Em sua última sessão no comando do Conselho Nacional de Justiça (CNJ), Britto defendeu cordialidade entre os integrantes do STF para que os julgamentos ocorram com tranquilidade. "O que interessa num ambiente colegiado é manter alta a taxa de cordialidade e de gentileza porque aí o processo flui", disse o ministro. "O derramamento de bílis não combina com a produção de neurônios", completou.

Britto ressaltou ainda que o Judiciário "tem a coragem de vetar comportamentos antijurídicos e chancelar os retilíneos". Nesse ponto, ele não citou o mensalão, mas sim a decisão do STF que confirmou a constitucionalidade da Lei da Ficha Limpa e a que permitiu ao CNJ fazer correições em tribunais no país. "O STF é uma casa de fazer destino que vem mudando a cultura desse país com a soberania da coragem."

Britto afirmou ainda que o Judiciário é um Poder mal remunerado. "No Judiciário é inconcebível o desmando e, no entanto, ele não é tratado na altura de sua dignidade remuneratória", disse o ministro.

Para ele, as comparações com os salários de juízes de outros países são indevidas, pois nos Estados Unidos, por exemplo, é possível adquirir carros e computadores por preços muito menores, que chegam a um terço do que se paga no Brasil. Ele enfatizou ainda que Brasília é uma cidade cara. Enquanto o ministro falava, servidores do Judiciário promoviam um buzinaço em volta do Supremo Tribunal Federal (STF), um protesto por aumento de salários.

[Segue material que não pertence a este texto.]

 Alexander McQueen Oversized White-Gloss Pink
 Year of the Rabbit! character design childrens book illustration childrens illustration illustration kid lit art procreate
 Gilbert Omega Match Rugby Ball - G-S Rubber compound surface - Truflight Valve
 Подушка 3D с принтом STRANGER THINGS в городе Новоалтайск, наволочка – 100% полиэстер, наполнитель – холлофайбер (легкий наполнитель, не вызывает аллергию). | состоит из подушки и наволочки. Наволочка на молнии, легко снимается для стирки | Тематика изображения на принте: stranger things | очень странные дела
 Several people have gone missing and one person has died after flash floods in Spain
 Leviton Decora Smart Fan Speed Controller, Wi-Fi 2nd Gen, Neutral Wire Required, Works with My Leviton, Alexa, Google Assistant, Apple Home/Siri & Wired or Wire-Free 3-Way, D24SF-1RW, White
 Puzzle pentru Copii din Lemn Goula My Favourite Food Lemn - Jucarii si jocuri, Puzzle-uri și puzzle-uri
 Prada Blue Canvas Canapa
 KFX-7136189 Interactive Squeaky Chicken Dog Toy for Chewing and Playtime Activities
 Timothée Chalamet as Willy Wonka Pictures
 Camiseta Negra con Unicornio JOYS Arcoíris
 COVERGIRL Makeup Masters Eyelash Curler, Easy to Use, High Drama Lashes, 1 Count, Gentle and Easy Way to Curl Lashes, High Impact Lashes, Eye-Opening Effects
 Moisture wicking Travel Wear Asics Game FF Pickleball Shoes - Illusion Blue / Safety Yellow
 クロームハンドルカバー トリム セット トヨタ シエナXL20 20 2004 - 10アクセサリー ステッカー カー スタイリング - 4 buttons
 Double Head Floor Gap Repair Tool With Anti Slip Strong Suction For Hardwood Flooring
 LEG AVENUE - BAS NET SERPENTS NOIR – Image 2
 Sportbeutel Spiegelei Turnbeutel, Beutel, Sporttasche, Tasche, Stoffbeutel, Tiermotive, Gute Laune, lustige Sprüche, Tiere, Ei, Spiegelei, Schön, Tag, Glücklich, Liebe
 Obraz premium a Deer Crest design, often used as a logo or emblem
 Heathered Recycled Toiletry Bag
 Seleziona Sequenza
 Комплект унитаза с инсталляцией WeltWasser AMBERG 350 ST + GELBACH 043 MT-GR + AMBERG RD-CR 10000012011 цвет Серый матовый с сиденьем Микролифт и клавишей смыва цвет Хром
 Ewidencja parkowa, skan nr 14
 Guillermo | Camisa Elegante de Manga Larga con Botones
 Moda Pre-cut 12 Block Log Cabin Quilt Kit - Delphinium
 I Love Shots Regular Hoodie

"É chegada a hora de o CNJ zelar pela autonomia do Judiciário. Ela é do mais largo espectro. É administrativa, orçamentária, remuneratória", afirmou Britto. Segundo o ministro, o Judiciário é o Poder "mais cobrado, mais exigido e o menos perdoado quando comete desvios". "E deve ser assim. É um Poder garantidor e fiador da Constituição."